In fact, Crack the Skye is jam-packed with at least five songs that are ready to be converted into Gold’s Gym staples. “Quintessence” sounds like a heavier, more learned version of AC/DC or Van Halen at times, where the band wails off a repeated “let ‘em go!” before verging back into the kind of super-dense time and melody changes that make Mastodon the best in the business. “Ghost of Karelia” begins with a killer guitar riff overtop basic percussion (by Mastodon’s Brann Dailor’s fill-heavy standards, anyway). But the song quickly evolves into a relentless series of pummeling sections reminiscent of the heaviest, fastest Tool songs like “Hooker with a Penis” (real song title!, Ed.), or the seriously rocking parts of Metallica staples “Unforgiven” and “One.”

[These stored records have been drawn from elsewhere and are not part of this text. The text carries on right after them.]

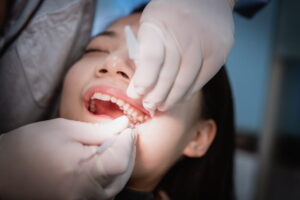 Dentist extracting teeth for young Asian woman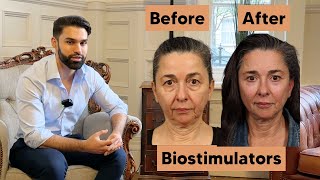 Biostimulators Work Wonders for the Face and Body Transformation [upl. by Ynohtnaleahcim]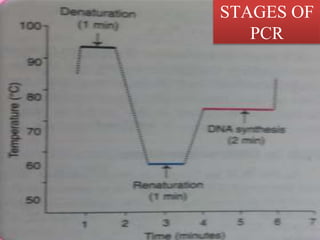 STAGES OF
PCR
 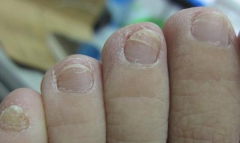 灰指甲用什么有效？知足抗菌足膜能根治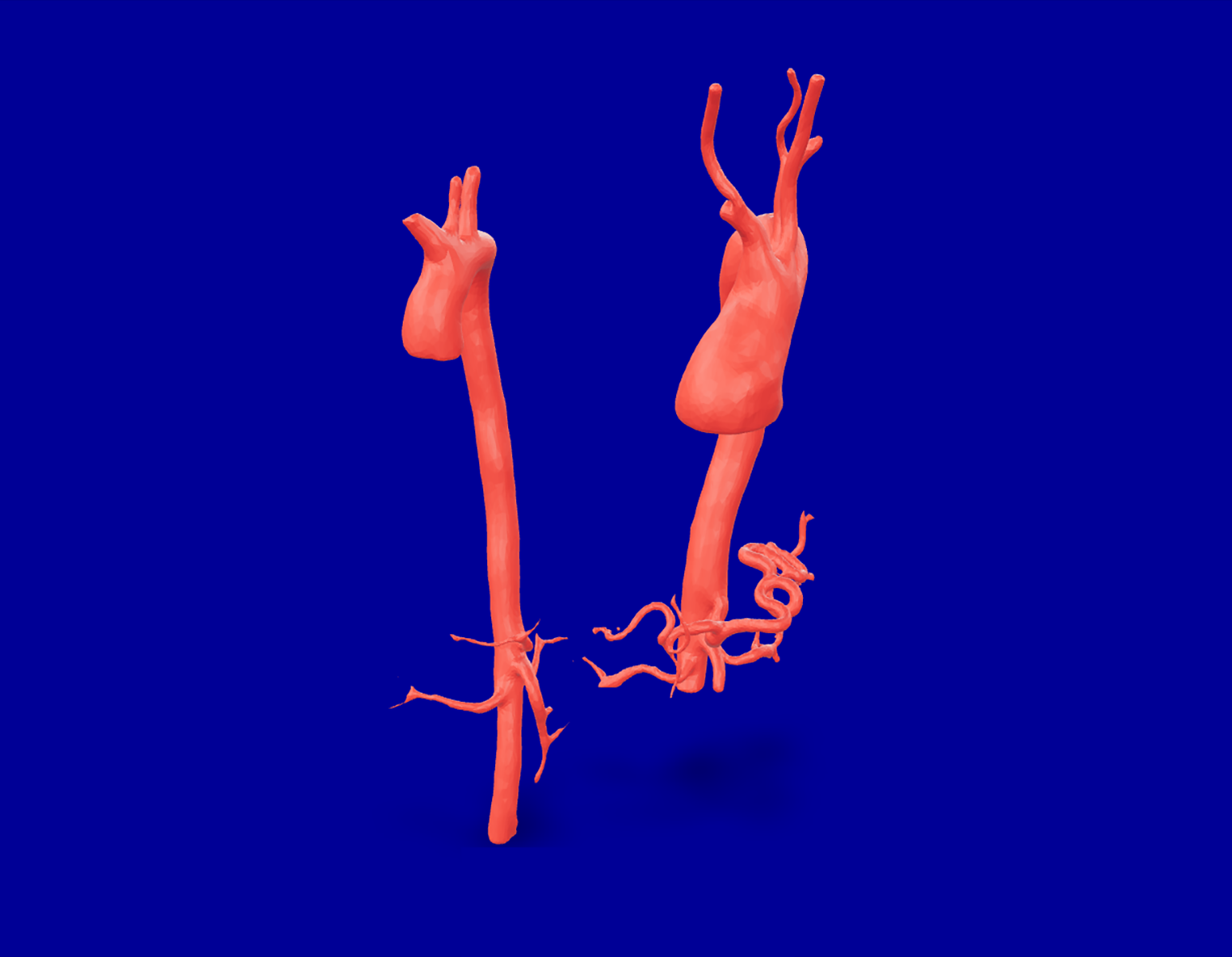 2aorta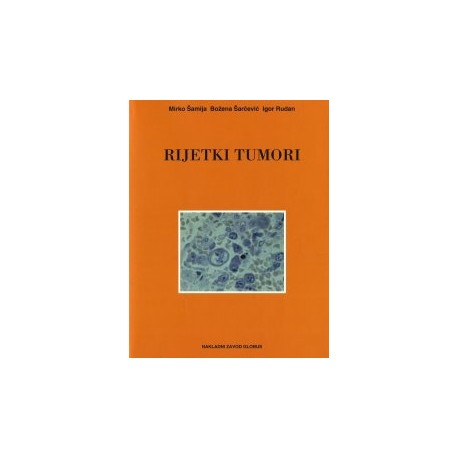 RIJETKI TUMORI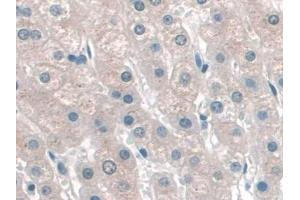 Detection of KATNA1 in Human Liver Tissue using Polyclonal Antibody to Katanin P60 Subunit A 1 (KATNA1) (KATNA1 antibody  (AA 8-229))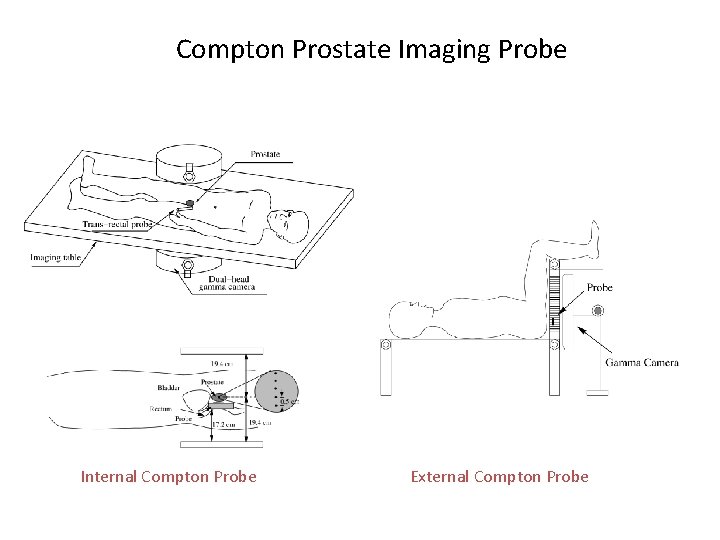 Compton Prostate Imaging Probe Internal Compton Probe External Compton Probe 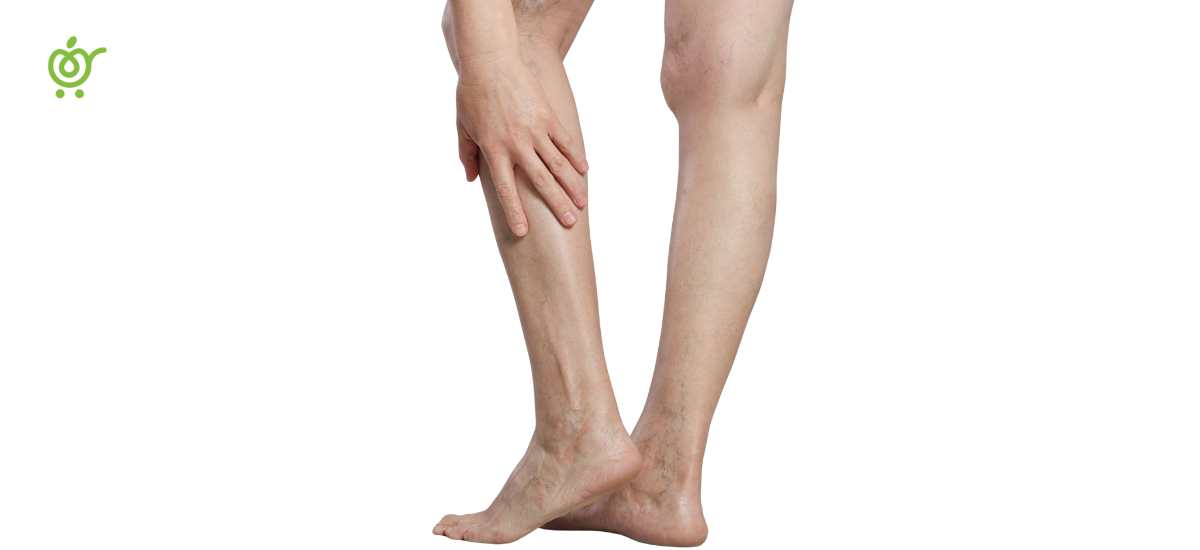 ورزش-برای-واریس-پا ورزش برای واریس پا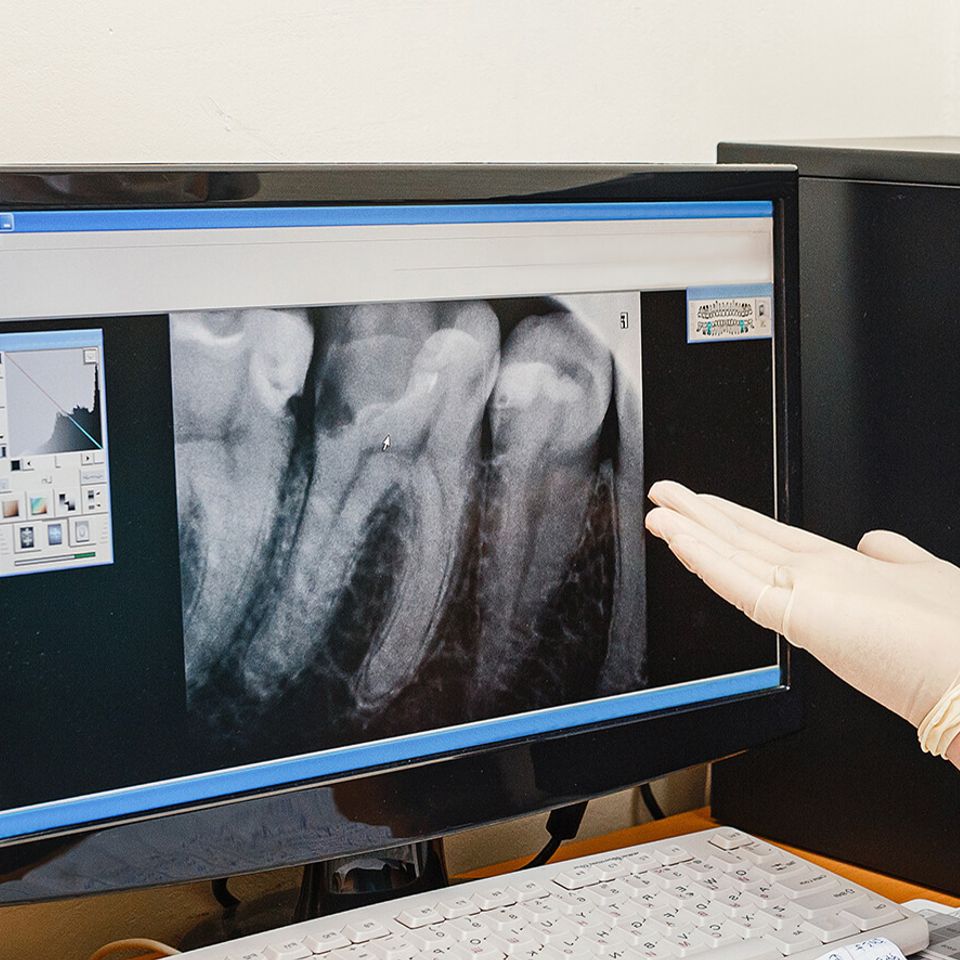 Humbertroaddentistry digitalxray
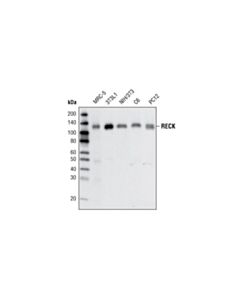 Cell Signaling Reck (D8c7) Rabbit mAb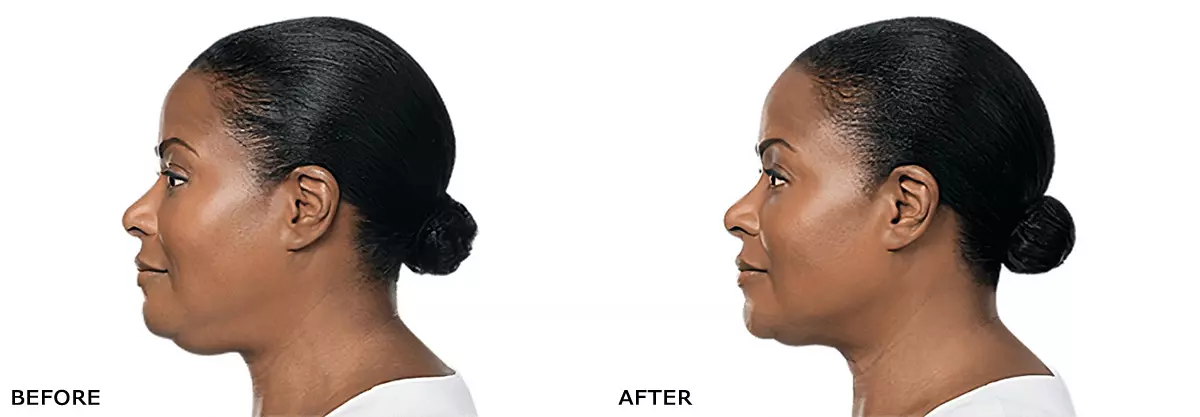 Kybella Results - Side Profile View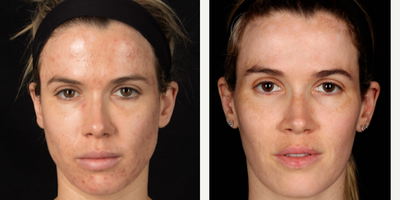 Woman treated with TCA Peel - Our patient used to be plagued by horrible acne that covered her face. After putting her on Accutane to clear most of that acne up, we treated her with a chemical peel called Revepeel, which targets acne, hyperpigmentation, and wrinkles to rejuvenate her face beautifully. She was absolutely thrilled with her results and considers us her go-to for all facial treatments.What is Accutane?Accutane is a retinoid medication that is geared toward clearing up clogged pores by increasing skin cell turnover. This effectively clears acne.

It’s the Metallica comparison that proves the most enduring. On a personnel level, the bands essentially break even. Kirk Hammett is regarded as one of the most influential and flat-out amazing lead guitarists in the business, but the twin towers of Mastodon’s Brent Hinds and Bill Kelliher at times can match the sheer variety of the Hammett and Hetfield duo. Dailor is hands-down a more technical and gifted drummer than Lars Ulrich could ever dream of being. Troy Sanders, meanwhile, for all of his talents, can only hope to be compared to Metallica’s original and revolutionary bassist, Cliff Burton, or its current low-ender Robert Trujillo. The one Metallica element that Mastodon will always lack, however, is the powerful and heartbreaking vocal and lyrical work of Hetfield, who not only brought/brings the prototypical metal voice, but also combined his classic delivery with lyrical flourishes unmatched in the genre (witness “Fade to Black” off Ride the Lightning, or “Disposable Heroes” from Master of Puppets).
Still, despite the dissimilarities in both Mastodon’s and Metallica’s respective membership, Crack the Skye proves the band capable of inclusion among the finest practitioners of metal. The epic tracks “The Czar” and “The Last Baron” represent true departures from anything Mastodon has ever attempted, with both songs clocking in at well over the ten minute mark and containing numerous asides and evolutions.
Crack the Skye’s title track, however, might be the finest moment of the album. Beginning with a series of impassioned and grave vocals overtop tremendous riffage and throttling drums, “Crack the Skye” eventually gives way to the sort of climactic and cathartic moment that seals the deal, as robot voices and layered, “end scene” guitar ladders push the album off towards “The Last Baron” and the album’s ultimate conclusion.